Jason, habitué dès l’enfance à empoigner la vie par les cornes, à lutter contre elle à mains nues, Jason qui n’acceptait pour maître que l’océan, Jason des quatre vents et des quatre horizons... celui-là saurait les défendre et les protéger, elle et son enfant. Ne l’avait-il pas, jadis, suppliée de le suivre pour qu’elle pût trouver la paix et le repos dans son immense et libre pays ? Ne lui avait-il pas écrit : « Souvenez-vous que j’existe, et que j’ai une dette envers vous... » ? Maintenant, cette dette, Marianne allait lui demander de la payer. Il ne pourrait pas refuser puisque si Marianne en était là où le destin l’avait conduite, c’était un peu à cause de lui. Il l’avait arrachée, une nuit, des carrières de Chaillot et des griffes de Fanchon-Fleur-de-Lys. Maintenant, il fallait à tout prix qu’il vînt et qu’il l’arrachât à cet inconnu mystérieux que son parrain voulait lui faire épouser. Il le fallait !

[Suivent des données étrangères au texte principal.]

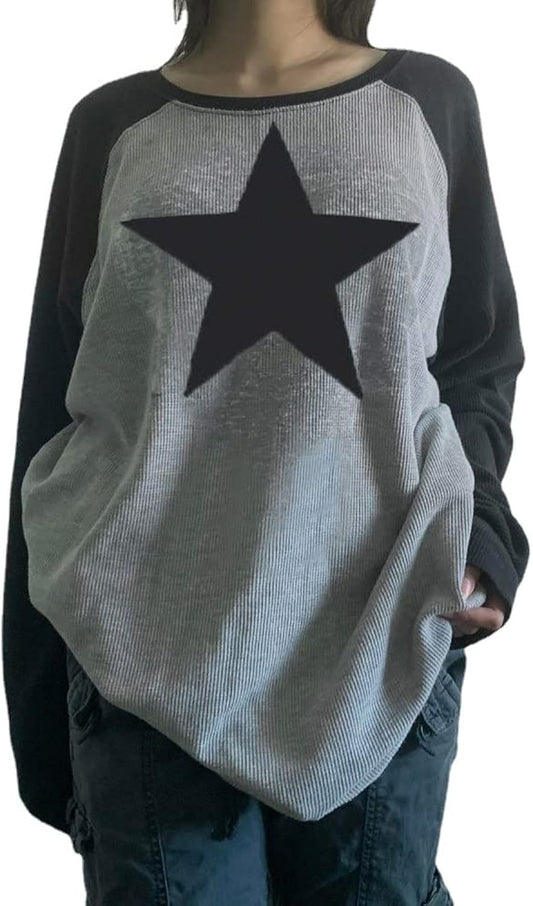 Y2K Pullover T-Shirts Women Contrast Patchwork Grunge Harajuku Clothes Full Sleeve Preppy Long Sweats Tops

C’était, pour Marianne, la seule chance d’accepter, sans horreur, le mariage inévitable.
Pourtant, elle le savait, en appelant Jason auprès d’elle, Marianne s’engageait dans la voie du plus cruel sacrifice, celui qu’elle avait, tout à l’heure, repoussé avec désespoir en face de son parrain : elle renonçait à vivre dans l’orbite de Napoléon, elle se condamnait à se séparer de lui, pour toujours peut-être. Jason, s’il consentait à donner son nom à l’enfant de Marianne, n’était pas homme à accepter du même coup un rôle de grotesque, de mari postiche ou de complaisant. Devenu l’époux de Marianne, et même s’il n’en exerçait pas les droits, faveur qu’elle se faisait forte d’obtenir, Marianne n’en devrait pas moins le suivre et accepter d’aller vivre là où il le désirerait, très certainement en Amérique... Un océan la séparerait de l’homme qu’elle aimait, elle ne vivrait plus sous le même ciel, ne respirerait plus le même air... mais n’était-elle pas déjà séparée de lui par cette femme qui avait maintenant sur lui tous les droits, qui se dressait entre eux comme une barrière difficile à franchir ? Seul, l’enfant resterait et, par lui, Marianne savait qu’elle demeurerait attachée à son amour mieux encore que par les liens charnels. Il faudrait bien que cela lui suffît pour orienter sa vie et lui conférer un intérêt.